**Data for review:**
--

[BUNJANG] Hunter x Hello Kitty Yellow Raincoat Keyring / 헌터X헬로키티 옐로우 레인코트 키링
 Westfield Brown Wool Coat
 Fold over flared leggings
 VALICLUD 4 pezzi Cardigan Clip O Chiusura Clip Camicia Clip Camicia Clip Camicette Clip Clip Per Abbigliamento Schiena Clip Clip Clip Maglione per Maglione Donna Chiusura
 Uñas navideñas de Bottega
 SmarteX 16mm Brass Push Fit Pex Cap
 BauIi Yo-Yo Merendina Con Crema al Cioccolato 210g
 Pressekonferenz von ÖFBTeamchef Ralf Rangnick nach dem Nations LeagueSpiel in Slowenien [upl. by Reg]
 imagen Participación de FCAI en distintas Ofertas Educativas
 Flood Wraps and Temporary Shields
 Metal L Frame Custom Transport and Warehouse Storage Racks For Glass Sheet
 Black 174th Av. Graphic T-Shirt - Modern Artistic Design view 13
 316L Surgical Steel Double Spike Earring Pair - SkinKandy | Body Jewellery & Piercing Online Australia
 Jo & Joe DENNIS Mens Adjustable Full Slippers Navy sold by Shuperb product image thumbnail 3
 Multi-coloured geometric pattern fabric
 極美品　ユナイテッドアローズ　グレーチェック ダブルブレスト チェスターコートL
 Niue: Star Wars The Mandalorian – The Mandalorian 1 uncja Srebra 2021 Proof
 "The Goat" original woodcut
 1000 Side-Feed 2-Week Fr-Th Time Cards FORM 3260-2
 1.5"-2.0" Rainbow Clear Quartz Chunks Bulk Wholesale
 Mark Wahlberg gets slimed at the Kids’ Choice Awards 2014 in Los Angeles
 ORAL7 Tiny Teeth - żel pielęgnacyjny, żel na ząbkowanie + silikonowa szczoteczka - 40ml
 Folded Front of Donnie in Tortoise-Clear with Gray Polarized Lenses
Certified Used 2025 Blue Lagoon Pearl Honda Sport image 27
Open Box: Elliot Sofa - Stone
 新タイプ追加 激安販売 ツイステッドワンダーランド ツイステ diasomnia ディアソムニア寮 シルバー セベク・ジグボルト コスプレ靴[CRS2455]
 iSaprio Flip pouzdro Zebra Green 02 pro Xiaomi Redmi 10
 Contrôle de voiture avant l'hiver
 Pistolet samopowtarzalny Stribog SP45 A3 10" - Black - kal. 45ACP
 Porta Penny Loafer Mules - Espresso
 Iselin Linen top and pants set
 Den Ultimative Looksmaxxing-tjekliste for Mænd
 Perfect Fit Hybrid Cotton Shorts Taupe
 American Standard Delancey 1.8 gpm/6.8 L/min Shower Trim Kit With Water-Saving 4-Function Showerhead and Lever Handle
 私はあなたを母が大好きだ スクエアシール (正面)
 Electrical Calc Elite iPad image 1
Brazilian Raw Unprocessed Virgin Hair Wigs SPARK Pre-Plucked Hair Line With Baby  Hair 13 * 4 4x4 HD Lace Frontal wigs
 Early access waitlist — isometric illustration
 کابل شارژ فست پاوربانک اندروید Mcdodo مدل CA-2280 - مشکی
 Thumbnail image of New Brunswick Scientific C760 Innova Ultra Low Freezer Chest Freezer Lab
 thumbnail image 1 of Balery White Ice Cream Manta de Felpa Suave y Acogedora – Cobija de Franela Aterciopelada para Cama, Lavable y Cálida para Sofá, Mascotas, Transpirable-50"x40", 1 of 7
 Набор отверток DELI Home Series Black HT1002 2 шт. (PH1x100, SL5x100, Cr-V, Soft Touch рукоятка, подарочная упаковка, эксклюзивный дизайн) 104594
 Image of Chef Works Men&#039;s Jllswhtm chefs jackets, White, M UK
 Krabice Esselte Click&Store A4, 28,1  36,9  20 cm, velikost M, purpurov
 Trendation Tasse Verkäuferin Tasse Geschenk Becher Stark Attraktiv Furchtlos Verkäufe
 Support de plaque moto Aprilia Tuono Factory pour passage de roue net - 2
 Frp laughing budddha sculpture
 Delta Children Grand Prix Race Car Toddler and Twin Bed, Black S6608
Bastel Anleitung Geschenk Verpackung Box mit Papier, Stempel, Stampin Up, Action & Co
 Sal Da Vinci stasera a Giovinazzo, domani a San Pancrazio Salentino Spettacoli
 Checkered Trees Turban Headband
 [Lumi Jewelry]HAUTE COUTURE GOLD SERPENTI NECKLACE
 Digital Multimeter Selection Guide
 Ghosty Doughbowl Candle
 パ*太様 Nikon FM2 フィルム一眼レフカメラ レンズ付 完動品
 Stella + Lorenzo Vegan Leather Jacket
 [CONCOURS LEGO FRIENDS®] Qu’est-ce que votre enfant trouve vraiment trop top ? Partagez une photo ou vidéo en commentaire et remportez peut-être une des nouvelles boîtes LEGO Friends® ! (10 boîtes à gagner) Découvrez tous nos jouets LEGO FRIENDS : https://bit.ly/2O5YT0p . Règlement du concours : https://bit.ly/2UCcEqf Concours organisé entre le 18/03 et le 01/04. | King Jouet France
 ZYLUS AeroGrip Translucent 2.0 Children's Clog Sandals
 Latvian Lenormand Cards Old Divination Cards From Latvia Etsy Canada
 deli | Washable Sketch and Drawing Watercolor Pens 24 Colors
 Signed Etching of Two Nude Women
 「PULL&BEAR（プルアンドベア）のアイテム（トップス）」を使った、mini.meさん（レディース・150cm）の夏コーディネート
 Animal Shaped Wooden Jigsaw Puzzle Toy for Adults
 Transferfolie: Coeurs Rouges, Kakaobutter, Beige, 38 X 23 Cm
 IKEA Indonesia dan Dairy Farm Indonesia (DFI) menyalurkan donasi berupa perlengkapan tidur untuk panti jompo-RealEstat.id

--

**Required action:**
Output the records exactly.

**Task answer:**
[BUNJANG] Hunter x Hello Kitty Yellow Raincoat Keyring / 헌터X헬로키티 옐로우 레인코트 키링
 Westfield Brown Wool Coat
 Fold over flared leggings
 VALICLUD 4 pezzi Cardigan Clip O Chiusura Clip Camicia Clip Camicia Clip Camicette Clip Clip Per Abbigliamento Schiena Clip Clip Clip Maglione per Maglione Donna Chiusura
 Uñas navideñas de Bottega
 SmarteX 16mm Brass Push Fit Pex Cap
 BauIi Yo-Yo Merendina Con Crema al Cioccolato 210g
 Pressekonferenz von ÖFBTeamchef Ralf Rangnick nach dem Nations LeagueSpiel in Slowenien [upl. by Reg]
 imagen Participación de FCAI en distintas Ofertas Educativas
 Flood Wraps and Temporary Shields
 Metal L Frame Custom Transport and Warehouse Storage Racks For Glass Sheet
 Black 174th Av. Graphic T-Shirt - Modern Artistic Design view 13
 316L Surgical Steel Double Spike Earring Pair - SkinKandy | Body Jewellery & Piercing Online Australia
 Jo & Joe DENNIS Mens Adjustable Full Slippers Navy sold by Shuperb product image thumbnail 3
 Multi-coloured geometric pattern fabric
 極美品　ユナイテッドアローズ　グレーチェック ダブルブレスト チェスターコートL
 Niue: Star Wars The Mandalorian – The Mandalorian 1 uncja Srebra 2021 Proof
 "The Goat" original woodcut
 1000 Side-Feed 2-Week Fr-Th Time Cards FORM 3260-2
 1.5"-2.0" Rainbow Clear Quartz Chunks Bulk Wholesale
 Mark Wahlberg gets slimed at the Kids’ Choice Awards 2014 in Los Angeles
 ORAL7 Tiny Teeth - żel pielęgnacyjny, żel na ząbkowanie + silikonowa szczoteczka - 40ml
 Folded Front of Donnie in Tortoise-Clear with Gray Polarized Lenses
Certified Used 2025 Blue Lagoon Pearl Honda Sport image 27
Open Box: Elliot Sofa - Stone
 新タイプ追加 激安販売 ツイステッドワンダーランド ツイステ diasomnia ディアソムニア寮 シルバー セベク・ジグボルト コスプレ靴[CRS2455]
 iSaprio Flip pouzdro Zebra Green 02 pro Xiaomi Redmi 10
 Contrôle de voiture avant l'hiver
 Pistolet samopowtarzalny Stribog SP45 A3 10" - Black - kal. 45ACP
 Porta Penny Loafer Mules - Espresso
 Iselin Linen top and pants set
 Den Ultimative Looksmaxxing-tjekliste for Mænd
 Perfect Fit Hybrid Cotton Shorts Taupe
 American Standard Delancey 1.8 gpm/6.8 L/min Shower Trim Kit With Water-Saving 4-Function Showerhead and Lever Handle
 私はあなたを母が大好きだ スクエアシール (正面)
 Electrical Calc Elite iPad image 1
Brazilian Raw Unprocessed Virgin Hair Wigs SPARK Pre-Plucked Hair Line With Baby  Hair 13 * 4 4x4 HD Lace Frontal wigs
 Early access waitlist — isometric illustration
 کابل شارژ فست پاوربانک اندروید Mcdodo مدل CA-2280 - مشکی
 Thumbnail image of New Brunswick Scientific C760 Innova Ultra Low Freezer Chest Freezer Lab
 thumbnail image 1 of Balery White Ice Cream Manta de Felpa Suave y Acogedora – Cobija de Franela Aterciopelada para Cama, Lavable y Cálida para Sofá, Mascotas, Transpirable-50"x40", 1 of 7
 Набор отверток DELI Home Series Black HT1002 2 шт. (PH1x100, SL5x100, Cr-V, Soft Touch рукоятка, подарочная упаковка, эксклюзивный дизайн) 104594
 Image of Chef Works Men&#039;s Jllswhtm chefs jackets, White, M UK
 Krabice Esselte Click&Store A4, 28,1  36,9  20 cm, velikost M, purpurov
 Trendation Tasse Verkäuferin Tasse Geschenk Becher Stark Attraktiv Furchtlos Verkäufe
 Support de plaque moto Aprilia Tuono Factory pour passage de roue net - 2
 Frp laughing budddha sculpture
 Delta Children Grand Prix Race Car Toddler and Twin Bed, Black S6608
Bastel Anleitung Geschenk Verpackung Box mit Papier, Stempel, Stampin Up, Action & Co
 Sal Da Vinci stasera a Giovinazzo, domani a San Pancrazio Salentino Spettacoli
 Checkered Trees Turban Headband
 [Lumi Jewelry]HAUTE COUTURE GOLD SERPENTI NECKLACE
 Digital Multimeter Selection Guide
 Ghosty Doughbowl Candle
 パ*太様 Nikon FM2 フィルム一眼レフカメラ レンズ付 完動品
 Stella + Lorenzo Vegan Leather Jacket
 [CONCOURS LEGO FRIENDS®] Qu’est-ce que votre enfant trouve vraiment trop top ? Partagez une photo ou vidéo en commentaire et remportez peut-être une des nouvelles boîtes LEGO Friends® ! (10 boîtes à gagner) Découvrez tous nos jouets LEGO FRIENDS : https://bit.ly/2O5YT0p . Règlement du concours : https://bit.ly/2UCcEqf Concours organisé entre le 18/03 et le 01/04. | King Jouet France
 ZYLUS AeroGrip Translucent 2.0 Children's Clog Sandals
 Latvian Lenormand Cards Old Divination Cards From Latvia Etsy Canada
 deli | Washable Sketch and Drawing Watercolor Pens 24 Colors
 Signed Etching of Two Nude Women
 「PULL&BEAR（プルアンドベア）のアイテム（トップス）」を使った、mini.meさん（レディース・150cm）の夏コーディネート
 Animal Shaped Wooden Jigsaw Puzzle Toy for Adults
 Transferfolie: Coeurs Rouges, Kakaobutter, Beige, 38 X 23 Cm
 IKEA Indonesia dan Dairy Farm Indonesia (DFI) menyalurkan donasi berupa perlengkapan tidur untuk panti jompo-RealEstat.id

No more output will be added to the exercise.